Indeed, the general slope of Switzerland, being from the ridge of the Alps towards the north, it will be observed (Fig. 42) that almost all the large affluents of these rivers running in longitudinal valleys fall in on the south, as, for instance, those of the Isère from Albertville to Grenoble, of the Rhone from its source to Martigny, of the Vorder Rhine from its source to Chur, of the Inn from Landeck to Kufstein, of the Enns from its source to near Admont, of the Danube from its source to Vienna, and as just mentioned, of the Aar from Bern to Waldshut. Hence also, whenever the Swiss rivers running east and west break into a transverse valley, as the larger ones all do, and some more than once, they invariably, whether originally running east or westwards, turn towards the north.

But although we thus get a clue to the general structure of Switzerland, the whole question is extremely complex, and the strata have been crumpled and folded in the most complicated manner, sometimes completely reversed, so that older rocks have been folded back on younger strata, and even in some cases these folds again refolded. Moreover, the denudation by aerial action, by glaciers, frosts, and rivers has removed hundreds, or rather thousands, of feet of strata. In fact, the mountain tops are not by any means the spots which have been most elevated, but those which have been least denuded; and hence it is that so many of the peaks stand at about the same altitude.
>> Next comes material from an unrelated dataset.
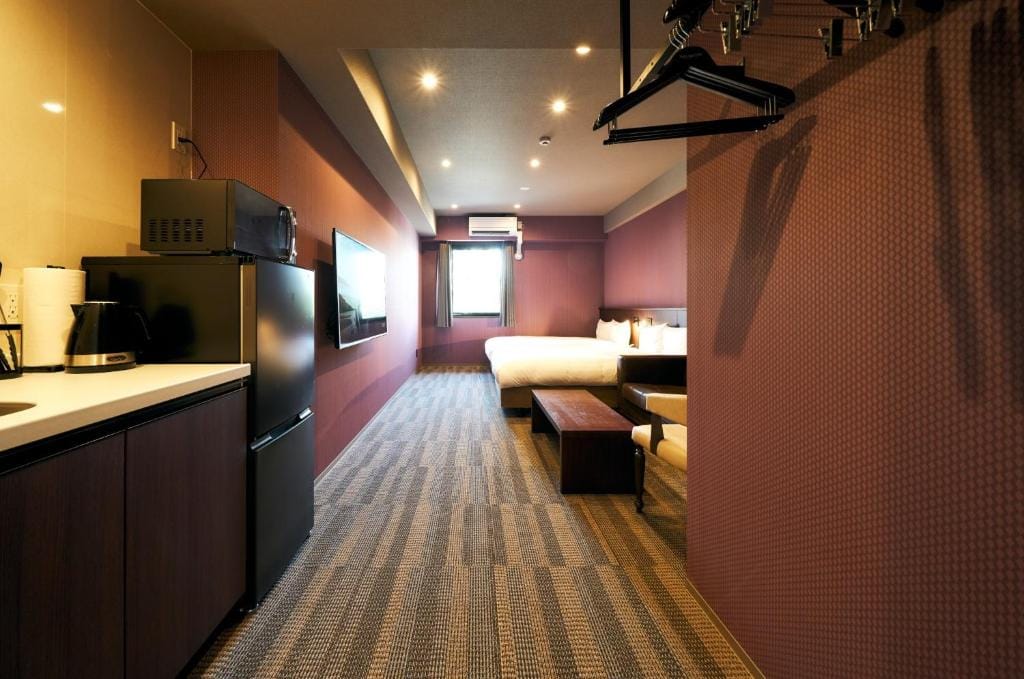 Rakuten STAY Kokura Station Standard Twin Room — 4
THE CONFLICTS AND ADVENTURES OF RIVERS

Our ancestors looked upon rivers as being in some sense alive, and in fact in their "struggle for existence" they not only labour to adapt their channel to their own requirements, but in many cases enter into conflict with one another.
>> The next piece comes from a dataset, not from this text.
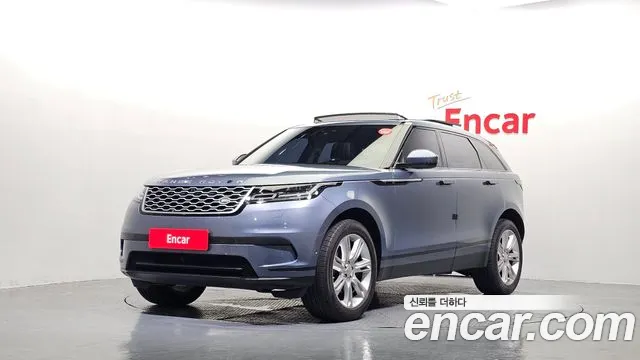 Land Rover Range Rover Velar — экстерьер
In the plain of Bengal, for instance, there are three great rivers, the Brahmapootra coming from the north, the Ganges from the west, and the Megna from the east, each of them with a number of tributary streams. Mr. Fergusson[53] has given us a most interesting and entertaining account of the struggles between these great rivers to occupy the fertile plain of Bengal.

The Megna, though much inferior in size to the Brahmapootra, has one great advantage. It depends mainly on the monsoon rains for its supply, while the Brahmapootra not only has a longer course to run, but relies for its floods, to a great extent, on the melting of the snow, so that, arriving later at the scene of the struggle, it finds the country already occupied by the Megna to such an extent that it has been driven nearly 70 miles northwards, and forced to find a new channel.

Under these circumstances it has attacked the territory of the Ganges, and being in flood earlier than that river, though later than the Megna, it has in its turn a great advantage.

Whatever the ultimate result may be the struggle continues vigorously. At Sooksaghur, says Fergusson, "there was a noble country house, built by Warren Hastings, about a mile from the banks of the Hoogly. When I first knew it in 1830 half the avenue of noble trees, which led from the river to the house, was gone; when I last saw it, some eight years afterwards, the river was close at hand. Since then house, stables, garden, and village are all gone, and the river was on the point of breaking through the narrow neck of high land that remained, and pouring itself into some weak-banded nullahs in the lowlands beyond: and if it had succeeded, the Hoogly would have deserted Calcutta. At this juncture the Eastern Bengal Railway Company intervened. They were carrying their works along the ridge, and they have, for the moment at least, stopped the oscillation in this direction."

This has affected many of the other tributaries of the Ganges, so that the survey made by Rennell in 1780-90 is no longer any evidence as to the present course of the rivers. They may now be anywhere else; in some cases all we can say is that they are certainly not now where they were then.